=== Begin Enclosure ===

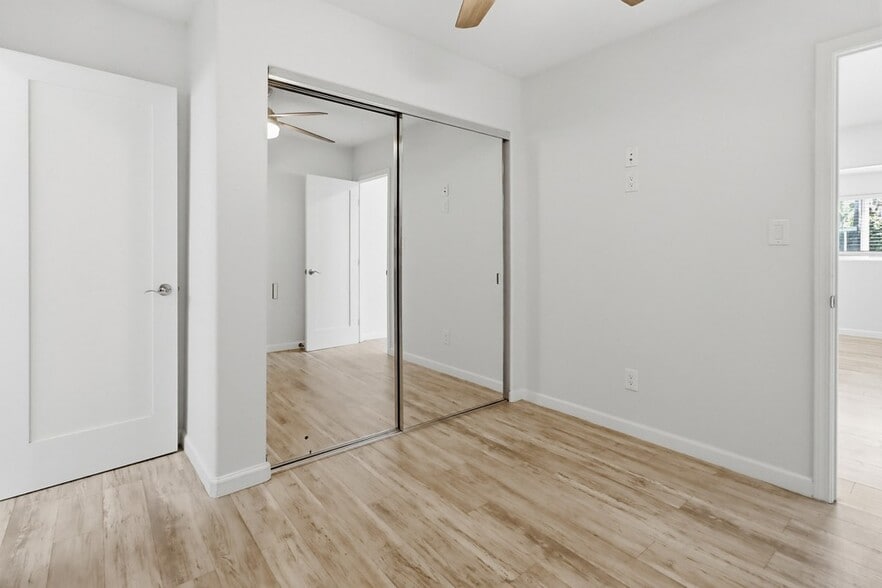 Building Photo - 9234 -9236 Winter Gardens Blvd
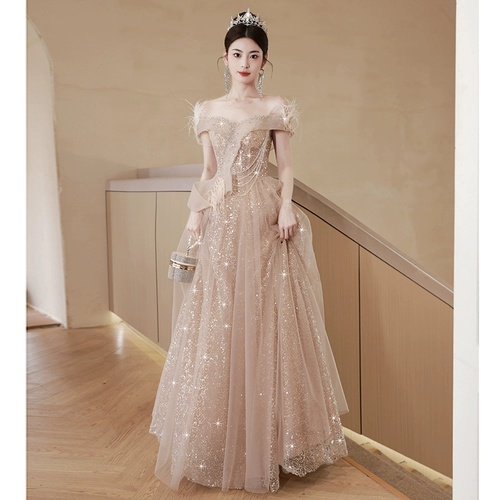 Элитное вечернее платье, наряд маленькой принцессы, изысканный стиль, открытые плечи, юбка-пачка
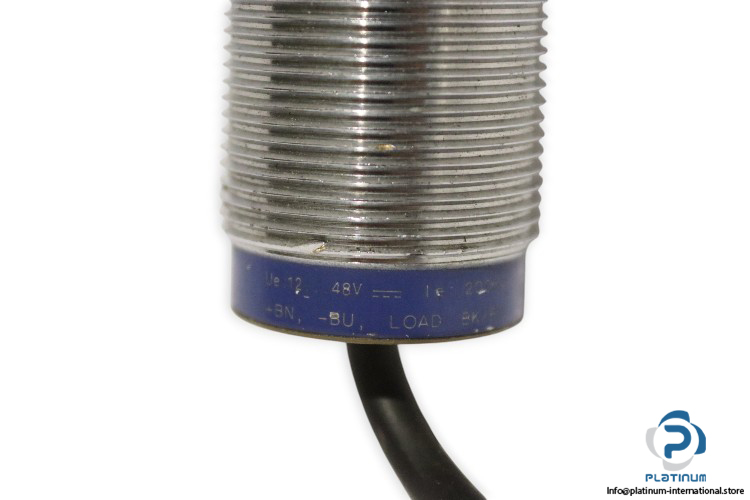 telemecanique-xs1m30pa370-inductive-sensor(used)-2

=== End Enclosure ===

## Requirement
The data must be repeated exactly. Any pictures in it are to be left out.

## Answer for this exercise
 Building Photo - 9234 -9236 Winter Gardens Blvd
 Элитное вечернее платье, наряд маленькой принцессы, изысканный стиль, открытые плечи, юбка-пачка
 telemecanique-xs1m30pa370-inductive-sensor(used)-2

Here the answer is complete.